September 11, 2023

Let us remember, heal, learn, choose, and act.

Remembering

Any of us over thirty years old remembers where we were on September 11, 2001. Like our elders who remember Pearl Harbor and President Kennedy’s assassination, current generations will always be marked by that infamous day.
Evil became visible that day. We saw its face in the terrorists.
We saw its deadly scars on 2,819 innocent people and their loved ones.
We have watched its echoes across a score of years that have become more vigilant and less trusting.
Besides the victims in the Twin Towers, the Pentagon, and Shanksville, so much else died on September 11th. Innocence died; universal trust died; unconditional acceptance died. And with their loss, our national soul was put in jeopardy.

Healing
But within a few hours of the attacks, we saw the human spirit raise its head. Acts of
tremendous courage, love, support, and generosity became the new face of September 11th. A dormant patriotism was unfurled in millions of flags across America. Who will ever forget how KIND we became to one another when faced with the reality of one another’s loss.

Learning
And so, all indications to the contrary, we learn even from the darkest evil. Throughout history, good people have learned from bad things. Consider these magnanimous leaders:

The Holocaust:

In spite of everything, I still believe that people are truly good at heart….that
this cruelty too will end…

Anne Frank, who died in a Nazi concentration camp

War:

Every gun that is made, every warship launched, every rocket fired signifies, in the final
sense, a theft from those who hunger and are not fed, those who are cold and not clothed.

Dwight D. Eisenhower, Supreme Commander, Allied Forces, World War II

Institutionalized Slavery:

I had reasoned this out in my mind, there was one of two things I had a right to, liberty or death; if I could not have one, I would have the other.

Harriet Tubman, formerly enslaved woman who navigated the ‘Underground Railroad

Choosing
What have we learned from September 11th and who will we choose to be as a result of our learning? All of us want a better world for ourselves and for our children. We want less fear and more trust. We want less struggle and more peace. We want less tension and more
freedom. What we want will never come to us unless we choose to live it into being.
Leading such change requires great bravery. Mahatma Gandhi said this, A coward is incapable of exhibiting love; it is the prerogative of the brave.


Acting
So, on this 22nd Commemoration of September 11th, let us be brave enough to change the world. Courage and kindness stand side by side because they both require self-sacrifice.
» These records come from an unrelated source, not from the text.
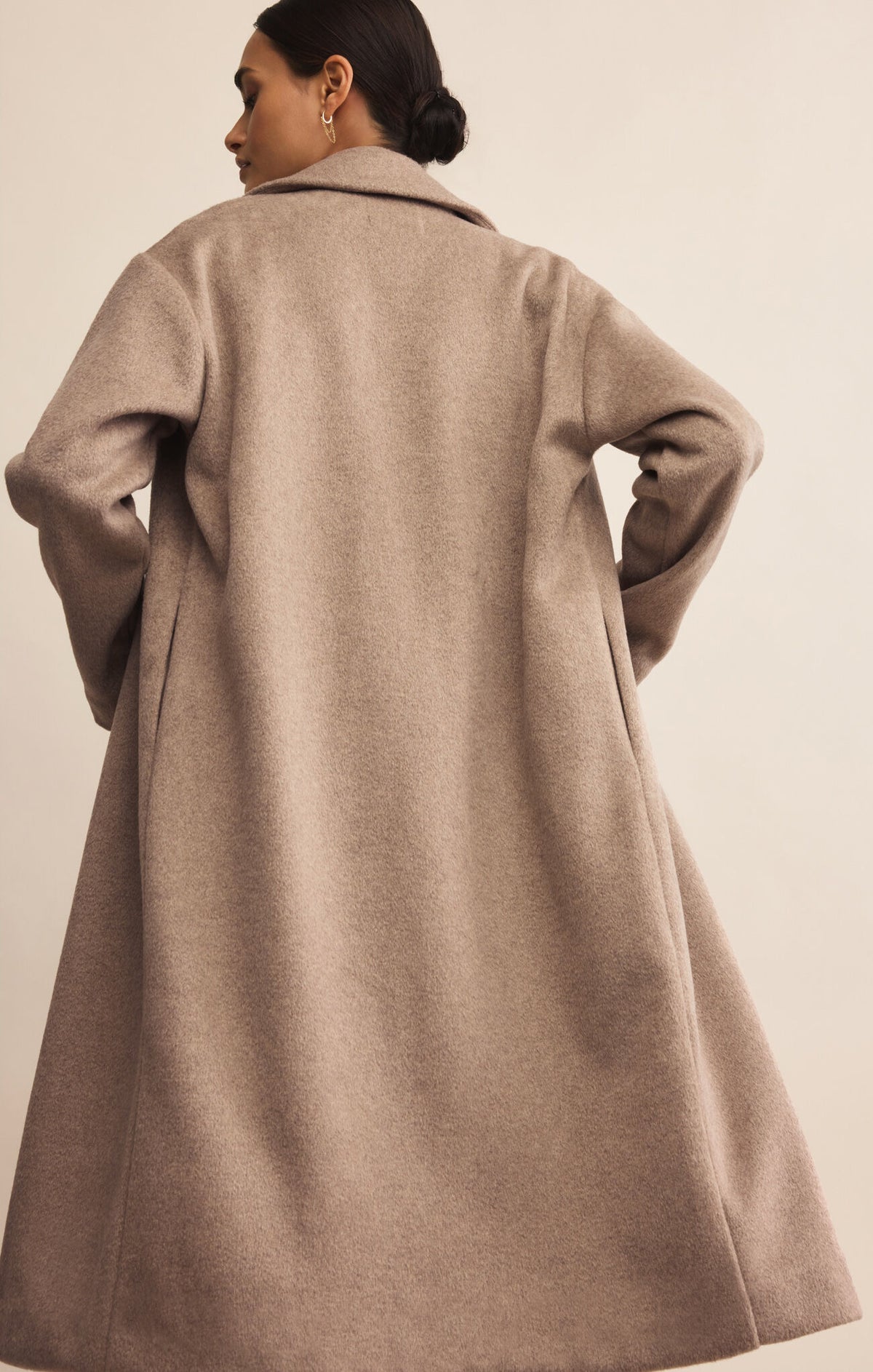 Z Supply Mason Luxe Coat in Smokey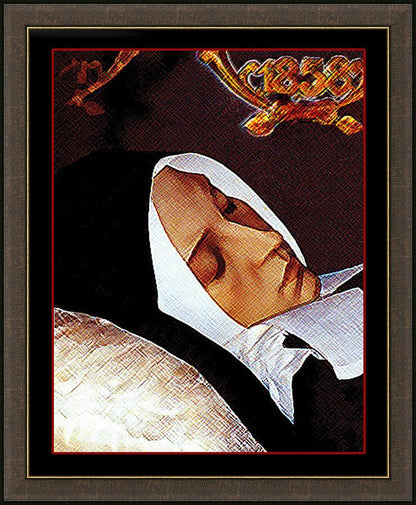 Wall Frame Espresso - St. Bernadette, Death of by D. Paulos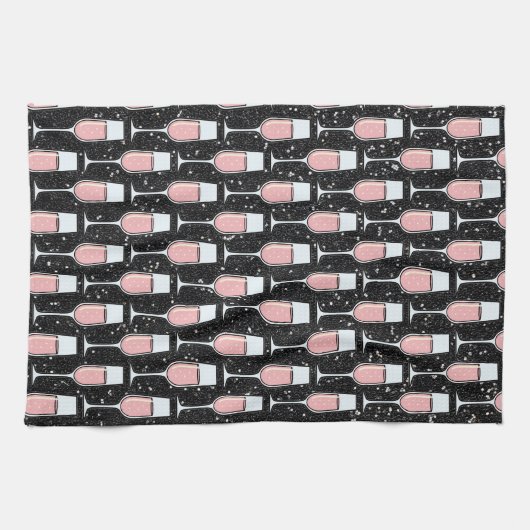 Rose Wine Pattern Geschirrtuch (Horizontal)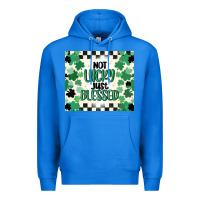 True Royal not lucky just blessed Premium Hoodie - MaliasSmallBusiness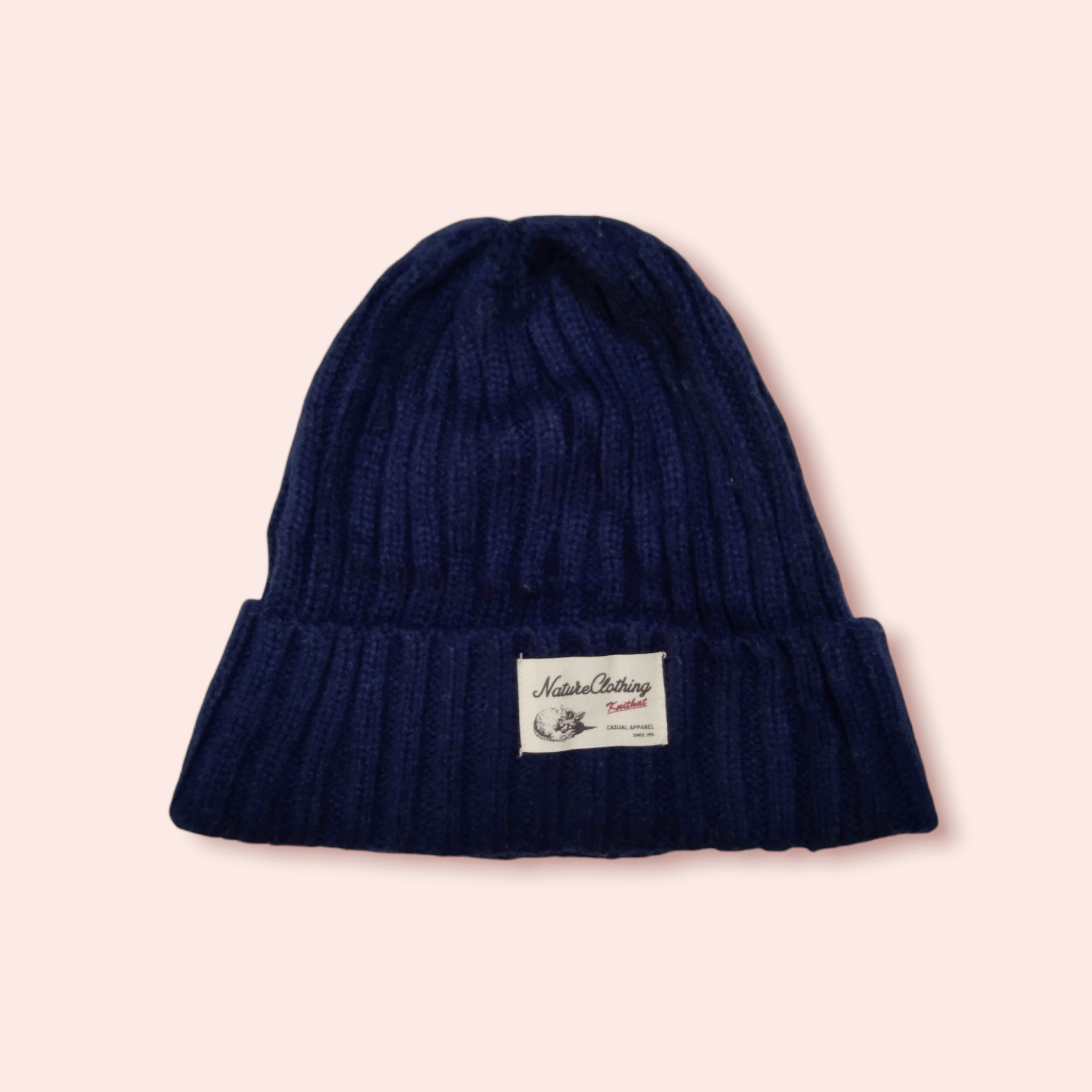 NATURE CLOTHING CUFFED BEANIE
As a way of healing and remembering, perhaps we could do one act of anonymous, unrewarded kindness.
Do it to make the world kinder, to contribute to a legacy for the future, to send a message that evil never triumphs, and to honor the lives that were lost on September 11, 2001.

Some ideas that won’t cost you much (from helpothers.org):

  • Treat someone to a cup of their favorite coffee
  • Pay the toll for the person behind you
  • Write a note of appreciation to someone
  • Smile from your heart when you meet people.
  • Greet others when you pass them.
  • Buy flowers for someone who is having a rough time.
  • Call someone who lost a friend or beloved recently
  • Leave a good book out for others.
  • Instead of following normal tipping etiquette, leave a little extra.
  • Be kind to someone who isn’t always kind to you.
  • Pay someone’s expired parking meter.
  • If you experience great service, compliment the worker and tell their manager.
  • Give sincere compliments whenever you can.
  • Leave the coupons you didn’t use at the register for someone else.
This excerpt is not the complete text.